14 January 2026

US-China Trade Almost Fully Halved from 2021 Peak

Close up of a metal container with writing photo by Zalfa Imanion Unsplash - https://unsplash.com/photos/red-and-blue-crane-under-blue-sky-during-daytime-MP6FMO8khn4

Trade between the U.S. and China has been almost fully cut in half since its October 2021 peak. The latest available trade data for October 2025 reveals the combined value of all goods exchanged between the two nations stood at $32.8 billion, which compares with the record peak of $64.7 billion in October 2021.

October is a significant month for U.S.-China trade because U.S. exports of soybeans to China typically peak during the month. In 2025 however, even though China has been buying U.S. soybeans, sales have been muted with the result exports have significantly lagged the typical seasonal boost seen in previous years.

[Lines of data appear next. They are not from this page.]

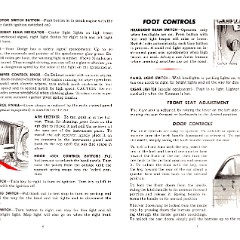 1947_Dodge_Manual-06-07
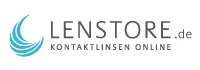 Lenstore.de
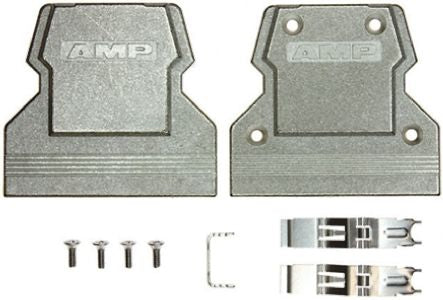 TE Connectivity 5749889-3 7181345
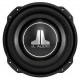 Alto Falante JL Audio 400W 10 Polegadas Automotivo
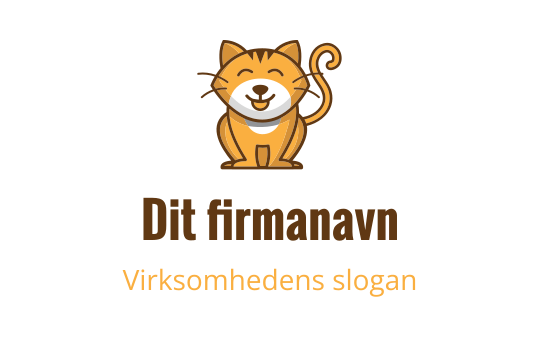 Pet-store logo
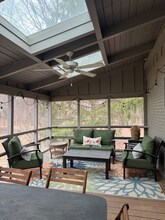 3856 Long Ridge Blvd in Westfield, IN - Building Photo - Building Photo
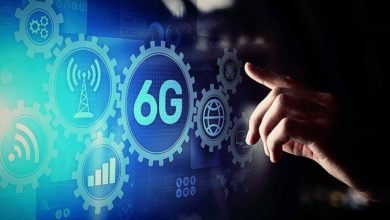 Japan To Launch 6 G By 2030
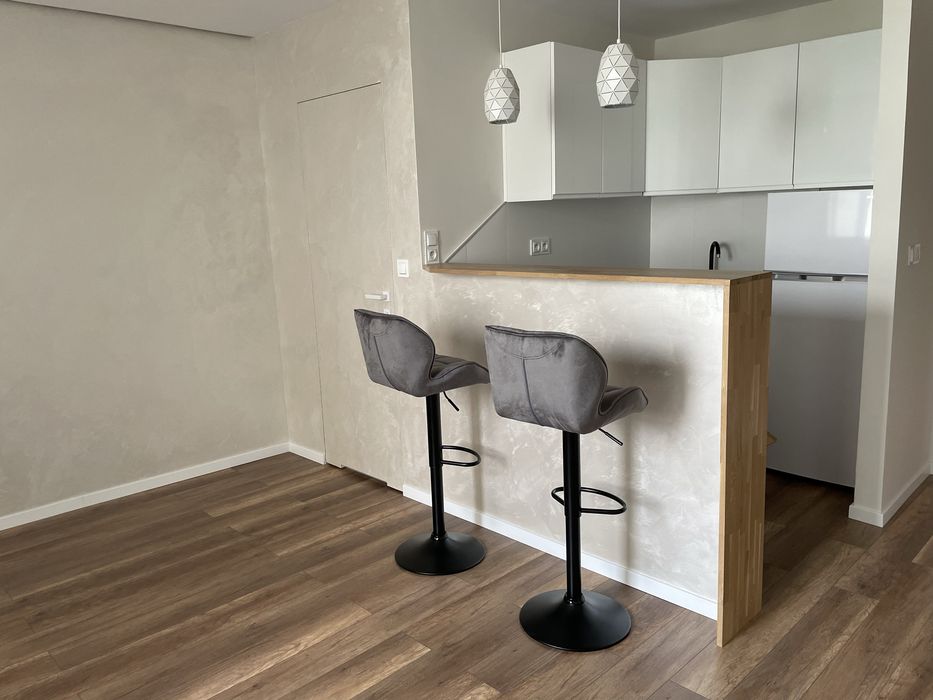 Remonty i wykończenia Szybkie terminy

That outcome is a direct consequence of the tariff war between the two nations. Part of China's trade war strategy has been to purchase soybeans from other nations, with Brazil gaining much attention from China's soybean purchasers.

The following chart shows how the combined value of trade between the U.S. and China stands through October 2025 in the context of how trade between the nations has developed since January 2017.

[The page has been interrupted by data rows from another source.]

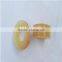 nylon grommet for machine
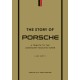 The Story of Porsche: A Tribute to the Legendary Manufacturer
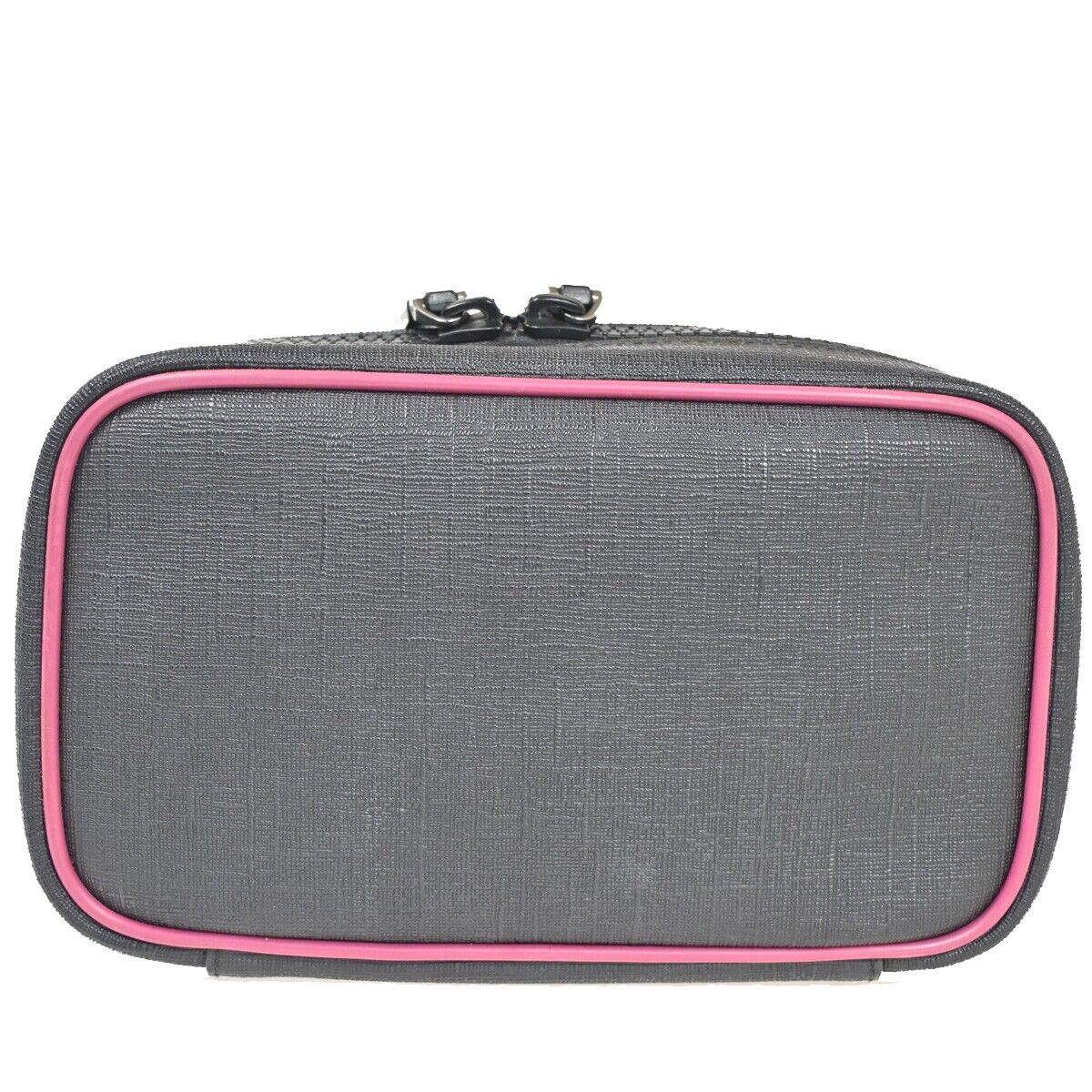 Gucci  Canvas Clutch Bag ()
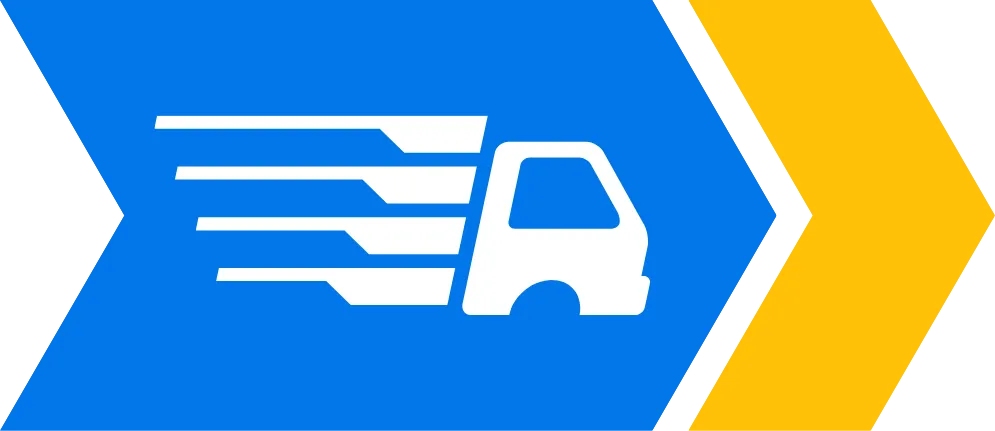 Vunik Transport Logo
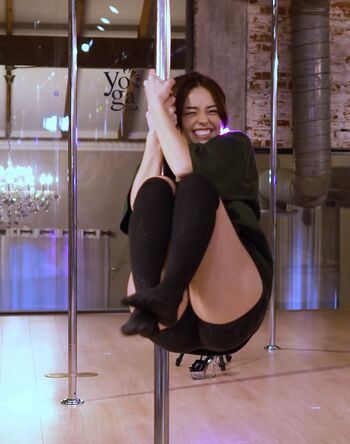 🔥 Valkyrae leaked private photo uncensored full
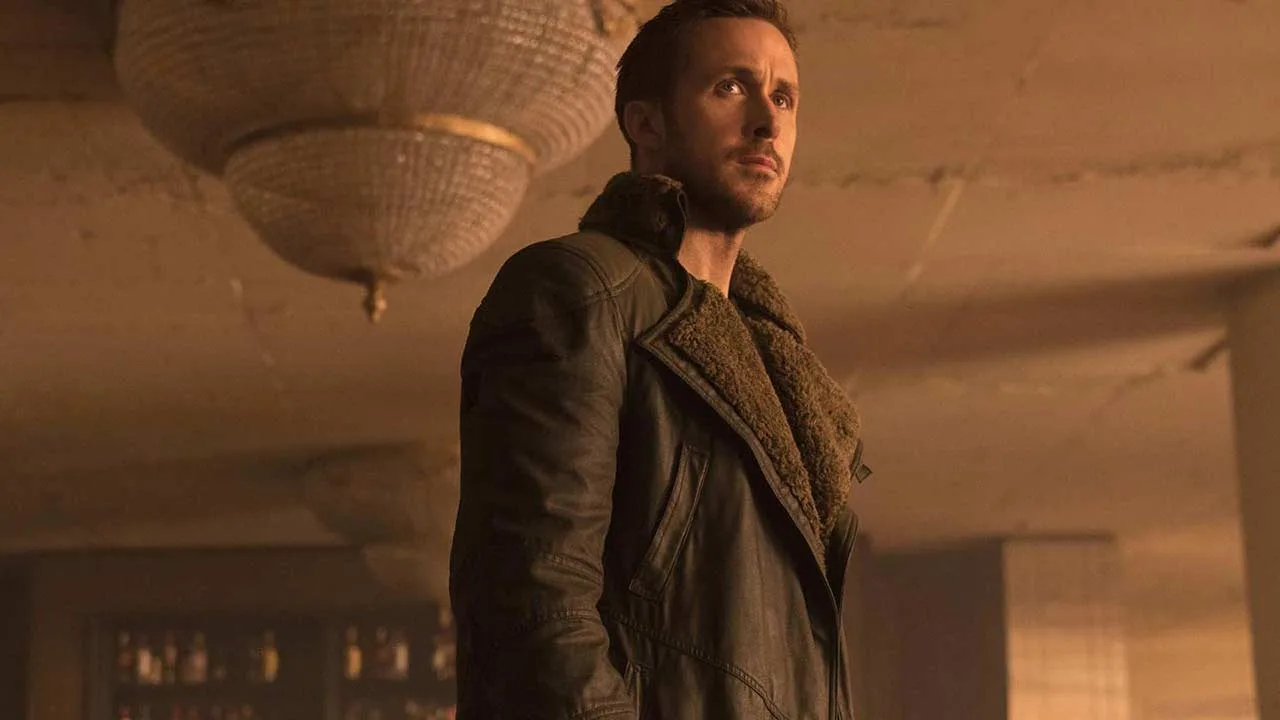 Ryan Reynols puede protagonizar la nueva película de Star Wars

Combined Value of U.S. Exports to China and U.S. Imports from China, January 2017 - October 2025

The chart features a counterfactual of how the rolling twelve month average value of goods exchanged between the U.S. and China would have grown in the absence of the global tariff war between the two nations. Through October 2025, we find the gap between that counterfactual and the actual trajectory of U.S.-China trade has opened up to $11.5 billion, with a cumulative loss of $43.4 billion since February 2025.

Looking forward, the U.S. and China reached a one-year trade deal on 1 November 2025. We'll see over the next several months how that deal might change the overall trajectory of the rolling twelve month average. Assuming that deal is not disrupted by President Trump's just-announced 25% tariff on nations trading with Iran because of that nation's repressive government's crackdown against protestors.

All this discussion emphasizes a critical point. Rather than a tool to raise revenue, tariffs have become a tool for addressing geopolitical concerns during President Trump's second term. They've become more than a means of regulating trade.

References

U.S. Census Bureau. U.S. International Trade in Goods and Services (FT900). U.S. Trade in Goods with China, Not Seasonally Adjusted, Nominal Figures, Total Census Basis. [Online database]. Accessed 8 January 2025.